Quiero, por tanto, y te pido como gracia singular, que la inestimable caridad
que te impulsó a crear al hombre a tu imagen y semejanza no se vuelva atrás
ante esto. ¿Qué cosa, o quién, te ruego, fue el motivo de que establecieras al
hombre en semejante dignidad? Ciertamente, nada que no fuera el amor
inextinguible con el que contemplaste a tu criatura en ti mismo y te dejaste
cautivar de amor por ella. Pero reconozco abiertamente que a causa de la culpa
del pecado perdió con toda justicia la dignidad en que la habías puesto.

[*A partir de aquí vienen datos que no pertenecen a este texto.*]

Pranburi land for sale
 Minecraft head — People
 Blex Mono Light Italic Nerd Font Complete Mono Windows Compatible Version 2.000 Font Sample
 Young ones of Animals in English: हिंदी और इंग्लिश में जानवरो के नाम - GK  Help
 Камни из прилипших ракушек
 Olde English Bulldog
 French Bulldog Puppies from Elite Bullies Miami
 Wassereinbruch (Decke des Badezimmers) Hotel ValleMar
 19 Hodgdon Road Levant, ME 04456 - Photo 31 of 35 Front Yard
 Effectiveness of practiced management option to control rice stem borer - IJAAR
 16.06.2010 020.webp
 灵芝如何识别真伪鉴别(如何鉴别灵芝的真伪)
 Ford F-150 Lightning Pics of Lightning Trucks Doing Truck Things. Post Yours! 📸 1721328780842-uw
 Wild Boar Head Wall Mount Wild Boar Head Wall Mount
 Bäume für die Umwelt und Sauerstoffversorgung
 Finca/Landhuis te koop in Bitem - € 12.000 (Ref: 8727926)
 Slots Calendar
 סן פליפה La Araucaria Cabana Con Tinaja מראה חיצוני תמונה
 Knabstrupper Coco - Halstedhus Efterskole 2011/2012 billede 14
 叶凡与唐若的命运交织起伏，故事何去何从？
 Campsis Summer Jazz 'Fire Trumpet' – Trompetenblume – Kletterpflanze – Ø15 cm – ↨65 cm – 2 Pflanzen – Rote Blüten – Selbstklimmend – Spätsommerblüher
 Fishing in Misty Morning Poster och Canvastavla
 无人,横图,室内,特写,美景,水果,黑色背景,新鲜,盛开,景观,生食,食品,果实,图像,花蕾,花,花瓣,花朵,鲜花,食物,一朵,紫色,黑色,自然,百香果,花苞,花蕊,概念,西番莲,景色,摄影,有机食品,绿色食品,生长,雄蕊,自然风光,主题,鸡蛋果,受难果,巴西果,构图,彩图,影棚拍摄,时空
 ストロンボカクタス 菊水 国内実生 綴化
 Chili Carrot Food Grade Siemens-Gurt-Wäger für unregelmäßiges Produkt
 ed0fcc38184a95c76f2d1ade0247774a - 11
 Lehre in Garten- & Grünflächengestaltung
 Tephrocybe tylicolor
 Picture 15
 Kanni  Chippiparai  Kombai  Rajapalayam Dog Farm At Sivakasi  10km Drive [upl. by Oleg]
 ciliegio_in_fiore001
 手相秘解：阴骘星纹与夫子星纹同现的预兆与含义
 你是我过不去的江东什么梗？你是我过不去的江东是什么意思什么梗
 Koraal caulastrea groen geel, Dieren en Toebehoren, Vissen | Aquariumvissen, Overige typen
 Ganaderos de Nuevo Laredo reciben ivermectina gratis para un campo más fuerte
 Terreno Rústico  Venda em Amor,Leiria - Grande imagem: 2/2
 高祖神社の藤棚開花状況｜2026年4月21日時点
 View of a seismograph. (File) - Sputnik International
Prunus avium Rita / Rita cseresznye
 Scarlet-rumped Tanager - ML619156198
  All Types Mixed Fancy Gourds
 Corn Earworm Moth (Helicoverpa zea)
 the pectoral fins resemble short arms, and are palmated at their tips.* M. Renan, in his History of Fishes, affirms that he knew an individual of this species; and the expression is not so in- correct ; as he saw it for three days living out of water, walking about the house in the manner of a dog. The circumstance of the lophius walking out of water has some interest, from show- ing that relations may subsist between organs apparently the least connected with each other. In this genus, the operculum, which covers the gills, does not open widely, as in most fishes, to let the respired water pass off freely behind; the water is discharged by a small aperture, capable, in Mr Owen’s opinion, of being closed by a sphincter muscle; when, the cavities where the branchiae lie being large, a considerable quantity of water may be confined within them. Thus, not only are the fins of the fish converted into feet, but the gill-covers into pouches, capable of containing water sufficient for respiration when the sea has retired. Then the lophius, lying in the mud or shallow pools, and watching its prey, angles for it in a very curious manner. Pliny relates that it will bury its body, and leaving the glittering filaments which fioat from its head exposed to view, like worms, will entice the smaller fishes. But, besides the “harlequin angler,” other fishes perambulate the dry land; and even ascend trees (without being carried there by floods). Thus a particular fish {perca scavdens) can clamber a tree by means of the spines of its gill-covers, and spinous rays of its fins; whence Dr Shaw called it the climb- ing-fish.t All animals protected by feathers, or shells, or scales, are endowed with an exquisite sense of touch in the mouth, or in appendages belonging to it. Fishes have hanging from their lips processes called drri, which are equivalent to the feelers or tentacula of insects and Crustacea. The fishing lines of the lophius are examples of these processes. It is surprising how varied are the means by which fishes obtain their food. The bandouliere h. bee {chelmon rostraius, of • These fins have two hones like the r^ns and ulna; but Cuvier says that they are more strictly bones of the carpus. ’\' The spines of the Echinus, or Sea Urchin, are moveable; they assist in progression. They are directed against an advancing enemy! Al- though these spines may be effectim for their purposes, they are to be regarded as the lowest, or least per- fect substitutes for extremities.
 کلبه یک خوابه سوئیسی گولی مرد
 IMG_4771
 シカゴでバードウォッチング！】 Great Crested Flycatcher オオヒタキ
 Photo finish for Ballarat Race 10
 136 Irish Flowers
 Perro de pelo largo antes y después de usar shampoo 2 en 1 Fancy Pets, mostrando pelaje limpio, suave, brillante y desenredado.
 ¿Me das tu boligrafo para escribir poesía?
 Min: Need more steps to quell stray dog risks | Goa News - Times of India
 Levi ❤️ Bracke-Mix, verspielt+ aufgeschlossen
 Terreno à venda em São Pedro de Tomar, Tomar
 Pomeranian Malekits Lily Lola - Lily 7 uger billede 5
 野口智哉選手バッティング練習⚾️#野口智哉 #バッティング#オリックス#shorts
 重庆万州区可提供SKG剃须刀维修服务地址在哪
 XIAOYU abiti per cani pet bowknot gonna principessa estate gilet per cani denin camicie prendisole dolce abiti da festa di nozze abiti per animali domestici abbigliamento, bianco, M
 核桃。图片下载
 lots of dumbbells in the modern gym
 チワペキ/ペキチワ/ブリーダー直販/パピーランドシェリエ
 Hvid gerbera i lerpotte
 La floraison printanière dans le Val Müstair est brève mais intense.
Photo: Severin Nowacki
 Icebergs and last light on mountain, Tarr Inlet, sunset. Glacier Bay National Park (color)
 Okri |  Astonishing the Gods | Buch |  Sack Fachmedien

A
pesar de lo cual, impulsado por este mismo amor, y con el deseo de
reconciliarte de nuevo por gracia al género humano, nos entregaste la palabra
de tu Hijo unigénito.
REFLEXIÓN
No hay otra clave para
amarnos como nos mostramos: indignos y dignos, sino el Amor fontal, inicial y
gratuito, que configura su Misterio, el cual supera toda comprensión y
entendimiento. Como clavado en nuestro centro más profundo, tal Amor Absoluto
en sus criaturas contingentes, daría cierto sentido a esa tendencia
irreductible de la criatura al Absoluto, que no acaba de conocer y posiblemente
nunca acabará. Ahora en plazos de fe, luego en gozo que no termina.